Pantazis is a special case in 19th-century Greek art history. He never followed the path to Munich and the Academy there, but lived in Belgium, where he joined the avant-garde and became a pioneer exponent of Impressionism. Influenced by the precursors of this movement, Manet and Courbet, the artist developed an Impressionistic approach to landscape painting, which was the subject matter of innovation par excellence: in Rainy Sunset, the fascinating contrasts, articulated through bright colour brushwork, are characteristic, as flashes of light emerge through the heavy clouds; Rocks by the Sea captures through the dynamic intensity of texture an almost abstract quality, which reflects the glowing light in infinite colour gradations, describing a fleeting moment. The realistic human figures – in the artist’s oil paintings, such as Gypsy Woman with Harmonica, as well as in his small watercolours – indicate his penetrating and sensitive eye. Another favourite subject matter was still life, in which he employed a dark, warm palette, as in Composition with Vases, Plates and an Umbrella and Composition with Vases, Flowers and a Fan. These are works of a complex structure and with realistically rendered textures. There are clear references to the still-life tradition of the Low Countries, while the elements of Japonisme and art d'Orient testify to their popularity in Europe at that time.
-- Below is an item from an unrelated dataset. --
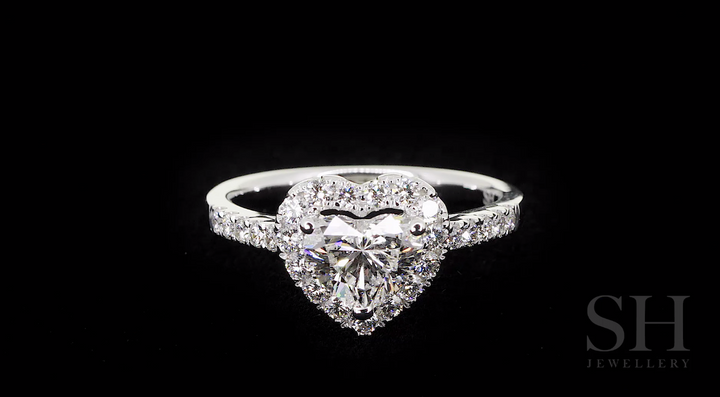 Heavenly Heart Shaped diamond halo ring - W0325 (Lab Grown)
He studied at the School of Arts in Athens (1864-1871) and in 1872 moved to Brussels. In 1878 he held a solo exhibition organised by the Art and Letters Circle in Brussels; he also participated in the Exposition Universelle in Paris. In 1880 he travelled to southern France and Greece, and in the following year participated in a charity exhibition for the benefit of the Red Cross in Athens. In early 1881 he returned to Brussels and soon after had symptoms of tuberculosis. In Belgium he became a founding member of the ‘Chrysalis Circle’ (1875), where he showed his work (1876-1878, 1881), the Circle of Watercolourists and Printmakers (1883) and Les XX, whose first exhibition, in 1884, featured works by the artist, who had died just a few days earlier. Joining the explorations of the European avant-garde in the late 19th century, the artist developed his idiom under the influence of Realism and pre-Impressionist tendencies. His subject matter was everyday scenes, still-life paintings, portraits and landscapes.